— DESCRIPTION OF THE TASK —
If a record below holds a picture, leave the picture out and copy the rest exactly.

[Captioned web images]
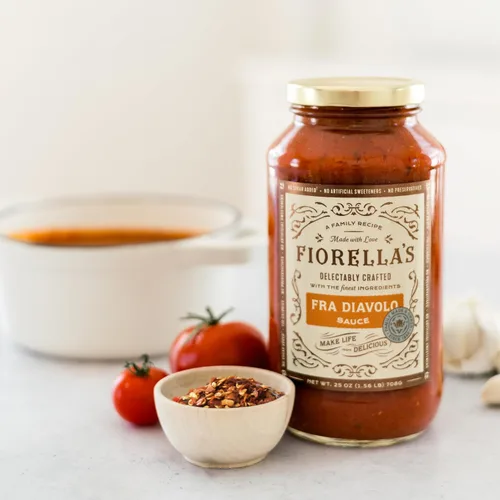 Vista 3 de Fiorella's Fra Diavolo, Salsa Arrabbiata - Salsa de tomate hecha con ingredientes frescos - Sin aceite de semilla, sin azúcar añadido, sin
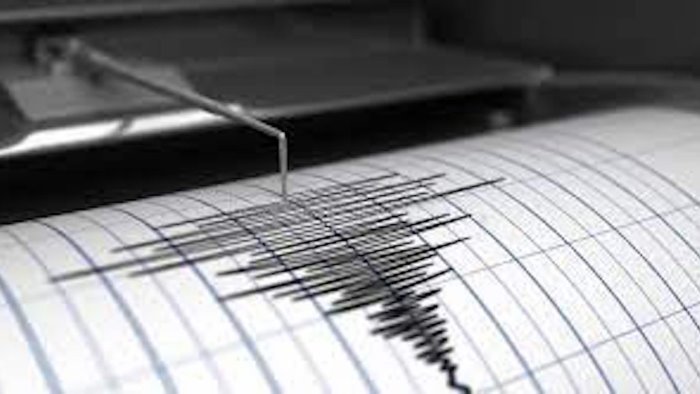 la terra trema in campania terremoto nei campi flegrei sciame sismico in corso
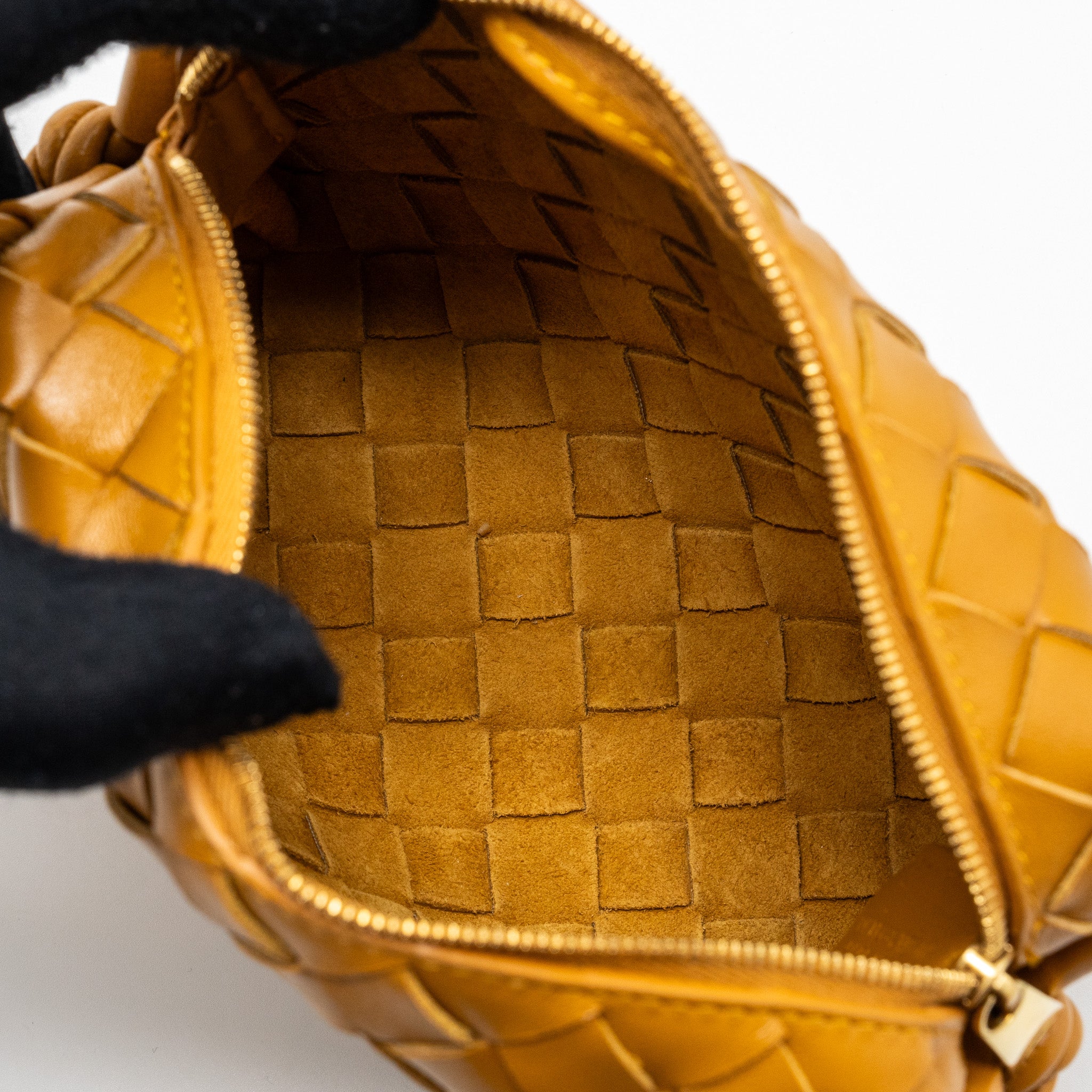 bottega-veneta-mini-loop-camera-bag-lambskin-caramel-ghw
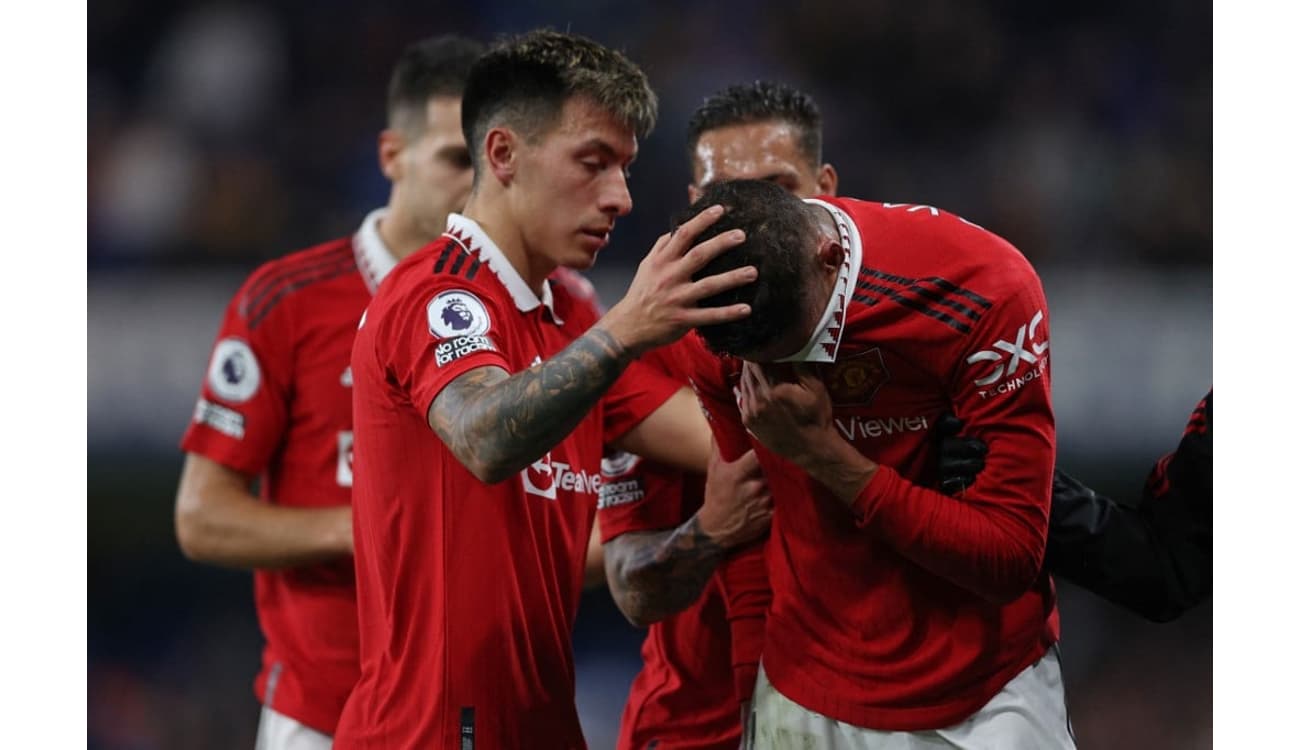 VÍDEO: Em jogo truncado, Manchester United e Marselha não saem do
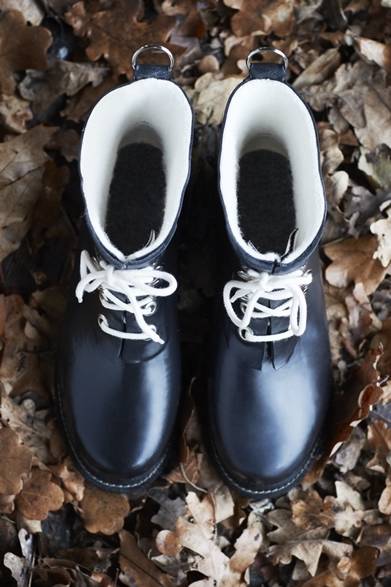 <strong>ILSE JACOBSEN HORNBAEK｜イルセ ヤコブセン・ホーンバック ポップアップストア</strong><br /><br />クラシック レースアップラバーブーツ（ショート）<br />色｜ブラック<br />価格｜1万7000円<br /><br />イルセ・ヤコブセン ポップアップストア<br />場所｜東急百貨店 本店<br />期間｜11月14日（木）～11月28日（木）<br />東京都渋谷区渋谷2-24-1<br /><br />ベルグート<br />Tel.0561-76-9742<br />http://shop-bg.jp/ 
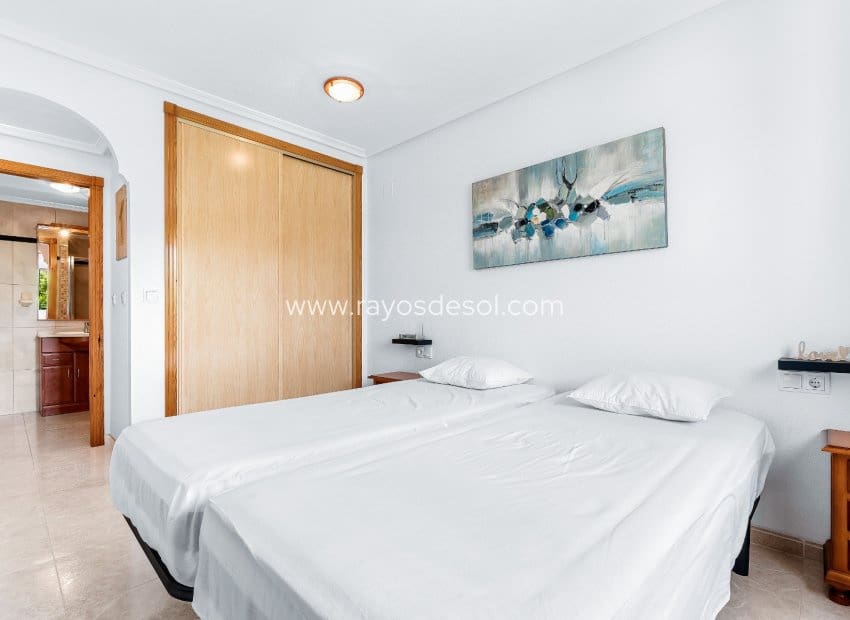 2 soveværelse Lejlighed til salg i Playa Flamenca med swimmingpool - € 215.000 (Ref: 10037607)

— ANSWER BOX —
 Vista 3 de Fiorella's Fra Diavolo, Salsa Arrabbiata - Salsa de tomate hecha con ingredientes frescos - Sin aceite de semilla, sin azúcar añadido, sin
 la terra trema in campania terremoto nei campi flegrei sciame sismico in corso
 bottega-veneta-mini-loop-camera-bag-lambskin-caramel-ghw
 VÍDEO: Em jogo truncado, Manchester United e Marselha não saem do
 <strong>ILSE JACOBSEN HORNBAEK｜イルセ ヤコブセン・ホーンバック ポップアップストア</strong><br /><br />クラシック レースアップラバーブーツ（ショート）<br />色｜ブラック<br />価格｜1万7000円<br /><br />イルセ・ヤコブセン ポップアップストア<br />場所｜東急百貨店 本店<br />期間｜11月14日（木）～11月28日（木）<br />東京都渋谷区渋谷2-24-1<br /><br />ベルグート<br />Tel.0561-76-9742<br />http://shop-bg.jp/ 
 2 soveværelse Lejlighed til salg i Playa Flamenca med swimmingpool - € 215.000 (Ref: 10037607)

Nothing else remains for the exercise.